Work required =>
From the entries below, copy each line in which the word "Black" occurs.

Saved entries
........

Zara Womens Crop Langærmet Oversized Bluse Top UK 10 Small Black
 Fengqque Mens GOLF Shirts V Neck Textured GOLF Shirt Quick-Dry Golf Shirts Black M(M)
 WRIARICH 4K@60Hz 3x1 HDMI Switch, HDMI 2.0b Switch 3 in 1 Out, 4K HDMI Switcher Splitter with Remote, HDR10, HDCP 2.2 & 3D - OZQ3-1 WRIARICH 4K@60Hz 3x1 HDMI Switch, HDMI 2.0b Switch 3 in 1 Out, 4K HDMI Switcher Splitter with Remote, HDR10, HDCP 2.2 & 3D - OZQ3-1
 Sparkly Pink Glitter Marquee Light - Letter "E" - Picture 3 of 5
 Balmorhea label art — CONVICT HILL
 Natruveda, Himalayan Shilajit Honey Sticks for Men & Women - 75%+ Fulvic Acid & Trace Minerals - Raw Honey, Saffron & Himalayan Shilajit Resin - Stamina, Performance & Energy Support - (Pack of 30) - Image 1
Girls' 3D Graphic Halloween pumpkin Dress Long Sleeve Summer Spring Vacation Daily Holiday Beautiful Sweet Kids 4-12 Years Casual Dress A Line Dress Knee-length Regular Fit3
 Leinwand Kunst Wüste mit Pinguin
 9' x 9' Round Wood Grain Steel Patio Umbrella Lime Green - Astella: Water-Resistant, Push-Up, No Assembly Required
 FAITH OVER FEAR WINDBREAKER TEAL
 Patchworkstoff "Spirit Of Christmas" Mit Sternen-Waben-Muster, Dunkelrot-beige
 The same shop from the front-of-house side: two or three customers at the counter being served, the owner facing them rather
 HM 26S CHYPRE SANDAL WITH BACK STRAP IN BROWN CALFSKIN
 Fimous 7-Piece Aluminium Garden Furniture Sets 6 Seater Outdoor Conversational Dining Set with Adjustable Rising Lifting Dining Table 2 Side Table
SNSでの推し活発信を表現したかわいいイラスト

........

Completed task =>
Zara Womens Crop Langærmet Oversized Bluse Top UK 10 Small Black
 Fengqque Mens GOLF Shirts V Neck Textured GOLF Shirt Quick-Dry Golf Shirts Black M(M)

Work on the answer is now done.